Track 7:  Swaddling Clothes





Let’s hear another cradle-song, this time for piano-solo, written by a contemporary composer.  Archishman Ghosh is a research-scientist who lives and works in Florida.  Much-travelled and
aware, his musical personality is close to his everyday character, logical, sceptical, slightly aloof, but capable of expressing deep warmth and affection.  Like Ravel’s, his irony and even sarcasm can
be suspect! The influences on his style are many; ranging from Scarlatti and Mozart through Grieg and Grainger to Scriabin and a later, grittier aesthetic.  The mark of his gift is that he has digested all
these influences to make his own, distinctive music.  Here, he gives us a well-worked, deceptively simple Berceuse in F-Sharp.  The harmonic sense and handling of rhythm and part-writing on show have a real distinction and modern sensibility and yet express something of the timeless awe a
human feels in looking up at a starry sky. The tracings of a map, a meaning, orientation – and pure beauty, the boundlessness of belief, hope and imagination can be…

On Christmas Night, will the stars turn to angels who sing? Our children gaze up at us and our
tenderness as we sing them to sleep. So sly is the composer's tonal sense that this innocent Berceuse in F# ends with seeming-total consistency in F!

Track 8:  Berceuse In F#, Archishman Ghosh

Track 9:  Church-bells ringing changes






A Virgin So Pure is an old carol of great freshness and beauty, a song in praise of Christ’s mother.  .  Here, the choir is accompanied with handbells.


Track 10:  A Virgin So Pure

Arise And Hail The Glorious Star announces the birth of Christ in bright directness.  This carol is from Cornwall and has a Wesleyan fervour.  The arrangement appears to be in 18th Century-style, the contrapuntal parts contrasting and pitting registers against eachother in a cheerful, rudimentarily canonic manner…

Track 11:  Arise And Hail The Glorious Star, Trad

See Amid The Winter Snow.  Children may miss snow in many parts of the UK this Winter.  However cruel the winter cold used to be, if one had a hearth, relatives and friends and blessed holyday, once church was got over, it was possible to choose whether or not to fool about in it

Track 12:  See Amid The Winter Snow, Trad

It’s that time of year again:  we’ve trailed through Advent, meeting the consequences of a year of all-too human decisions – and perhaps must hope that the festival will grant us the kind of joys it granted us as children:  that the magic will work to comfort and console all of us who long for peace, tolerance and repose in which it is the soul that speaks and does for the sake of those whom we love.  To go a stage further, the more people we show that we love over 12 days, perhaps, the more chance that magic has of happening for us.  The New Year may be truly NEW.

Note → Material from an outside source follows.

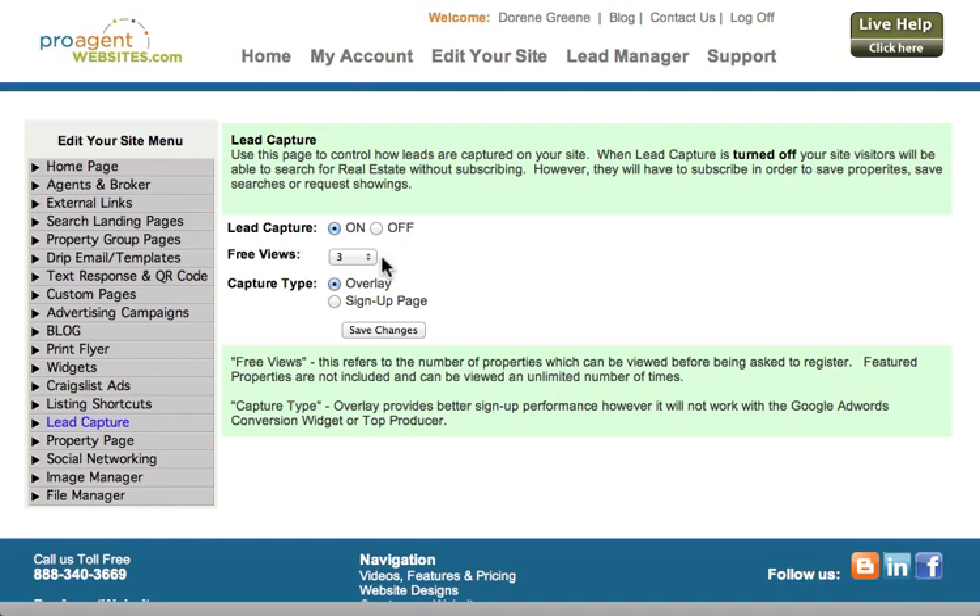On the fourth property page that they click on, at that point, they'll be asked to sign up. The idea here is that you want them to be able to use your website, take a look at all the information you provide, especially your property pages, before they're asked to provide you with any personal information.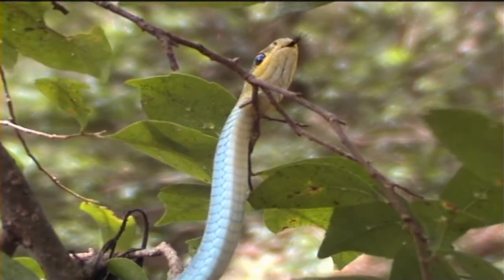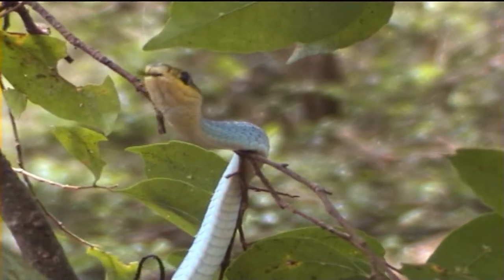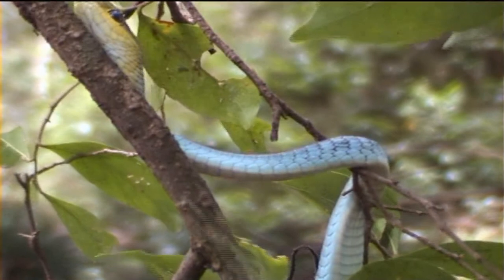Their diet consists mainly of frogs, but also tadpoles and fish. Green tree snakes can grow to a length of two metres, and females lay clutches of up to one dozen eggs.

This next track is dedicated to Miss Suvi Burrows, now on the way to grownupness.  It is an evocation of Peter Pan’s Fairy-companion, but to her parents oddly evocative also of their companion.  It is by Angela Morley, a fine composer and arranger of light music.





Track 13:  Tinkerbell, Morley



The composer Gerald Finzi once wrote a familial carol.  Though an agnostic, he loved the culture and imaginative appeal and the potential moral effect of Christmas traditions.  Later, he arranged the carol for clarinet and piano to exquisite effect.  This music is a miracle of expression, of deceptive simplicity.  Finzi’s music may be characterized in an image of metaphysical poetry that saw jewels as “contracted” stars and heavenly bodies.  A wealth of
experience of this world’s beauties, including those of humanity, is contracted to become musical sounds supremely yet unpretentiously well-wrought. One hears wisdom whose
expression is compassionate love, quite an achievement for a man of enthusiasms and known to some of his close confreres as Frenzy!  When in his farmhouse-home, on Christmas Eve, this solemn and highly-strung little man obsessed with the too-short time, was given to calling down a chimney-flue to his children and their friends, in the person of Father Christmas…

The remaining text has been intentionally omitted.